A pesca, catação e mariscagem eram amplamente praticadas pelos Tupiniquim e Guarani dos territórios atingidos no Espírito Santo, caracterizando a sua principal fonte de renda. A chegada da lama de rejeitos de mineração ao oceano Atlântico, ao estuário do Piraquê-Açu e ao Rio Comboios levou à interupção dessas atividades, em função da proibição dessas práticas em parte da região litorânea e pela degradação ambiental dos ecossistemas. As estimativas feitas pelas equipes do Projeto Rio Doce de perda de renda desses povos indígenas com a atividade pesqueira deram-se a partir da diferença entre a projeção de um cenário hipotético de ausência do desastre (contrafactual) e um cenário pós-desastre.

Estimativa de renda mensal e acumulada para a pesca pré-desastre (*)

(*) Fonte: FGV/Valores de setembro de 2020, em R$

(**) Contrafactual 1: apresenta parâmetros de renda pré-desastre, com estimativas de produção média por indígena de 54 kg/mês e uma relação custo/receita de 5%. Contrafactual 2: apresenta parâmetros de renda pré-desastre, com estimativas de produção média por indígena de 54 kg/mês ao custo/receita de 15%. Contrafactual 3: apresenta parâmetros de renda pré-desastre, com estimativas de produção média por indígena de 66 kg/mês ao custo/receita de 5%. Contrafactual 4: apresenta parâmetros de renda pré-desastre, com estimativas de produção média por indígena de 66 kg/mês ao custo/receita de 15%.

Populações remanescentes de quilombos

A lama com os rejeitos da Barragem de Fundão também atingiu populações remanescentes de quilombos que habitam os municípios atingidos, agravando situações de vulnerabilidade.

No município de Linhares (ES), na região norte do estado, próximo ao distrito de Pontal de Ipiranga, localiza-se a Comunidade Remanescente de Quilombo do Degredo (CRQ). O território encontra-se no litoral, em uma região considerada rural, a aproximadamente 22 km a norte da foz do Rio Doce.

A comunidade é constituída de núcleos familiares que mantêm laços de consanguinidade, afinidade e compadrio entre si, estabelecendo uma rede de interações comerciais e simbólicas. Os modos de vida das cerca de 145 famílias, marcados por expropriações e conflitos com fazendeiros e grandes empreendimentos, foi agravado a partir da chegada dos rejeitos da Barragem de Fundão.

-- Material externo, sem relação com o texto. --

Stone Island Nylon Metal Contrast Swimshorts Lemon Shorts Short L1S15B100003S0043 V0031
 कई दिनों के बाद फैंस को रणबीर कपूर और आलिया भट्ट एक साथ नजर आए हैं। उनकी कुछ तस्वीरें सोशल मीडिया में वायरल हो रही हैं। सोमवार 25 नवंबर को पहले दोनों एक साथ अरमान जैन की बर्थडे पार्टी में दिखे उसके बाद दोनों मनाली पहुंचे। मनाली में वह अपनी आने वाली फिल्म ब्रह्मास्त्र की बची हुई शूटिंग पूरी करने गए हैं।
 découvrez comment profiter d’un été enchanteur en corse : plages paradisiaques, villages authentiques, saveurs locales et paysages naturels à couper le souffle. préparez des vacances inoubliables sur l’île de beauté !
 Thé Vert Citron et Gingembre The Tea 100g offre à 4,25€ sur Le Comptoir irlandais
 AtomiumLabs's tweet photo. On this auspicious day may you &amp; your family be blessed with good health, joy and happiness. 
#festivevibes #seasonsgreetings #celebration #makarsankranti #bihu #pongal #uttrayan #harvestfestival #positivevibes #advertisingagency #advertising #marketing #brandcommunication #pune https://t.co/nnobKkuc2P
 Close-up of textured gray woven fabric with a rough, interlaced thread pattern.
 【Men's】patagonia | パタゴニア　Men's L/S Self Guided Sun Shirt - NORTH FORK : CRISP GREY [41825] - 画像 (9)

Os rejeitos alcançaram o mar de Degredo no final de novembro de 2015 e, em fevereiro do ano seguinte, após a cheia de verão, foi observada uma grande mortandade de peixes no rio Ipiranga.

Assim como no caso dos Krenak, não foram elaborados pela equipe do Projeto Rio Doce estudos sobre os danos sofridos pela comunidade de Degredo, em respeito à autodeterminação desse povo no que tange às suas próprias estratégias ao longo do processo de reparação.  

No entanto, nas Matrizes Territoriais do Vale do Aço e da Região Estuarina, Costeira e Marinha do Espírito Santo, por exemplo, foram identificados danos específicos a povos e comunidades quilombolas e tradicionais, tendo sido realizadas escutas com as comunidades quilombolas de Sapê do Norte e com comunidades que se identificam como povos de mangue. Ressalta-se que os danos e parâmetros identificados nestas matrizes, sintetizados na página “A Reparação”, podem ser estendidos a outras comunidades quilombolas e tradicionais atingidas pelo desastre, mas que até o momento não foram reconhecidas, como é o caso dos pescadores, faiscadores e garimpeiros tradicionais do Alto Rio Doce, nos municípios de Rio Doce, Santa Cruz do Escalado, Barra longa, Mariana e Acaiaca e povoados de Chopotó e do entorno da bacia do Rio do Carmo. 

Por fim, deve ressaltar que nos municípios de São Mateus e Conceição da Barra (ES) encontra-se o Território Quilombola do Sapê do Norte, que abriga aproximadamente 1.200 famílias em ao menos 33 comunidades remanescentes de quilombos localizadas ao longo dos vales dos rios Cricaré e Itaúnas. Organizam-se em sítios familiares que mantém laços de compadrio e de parentesco entre si, efetuando redes de solidariedade, troca e culturais que remontam à uma história comum.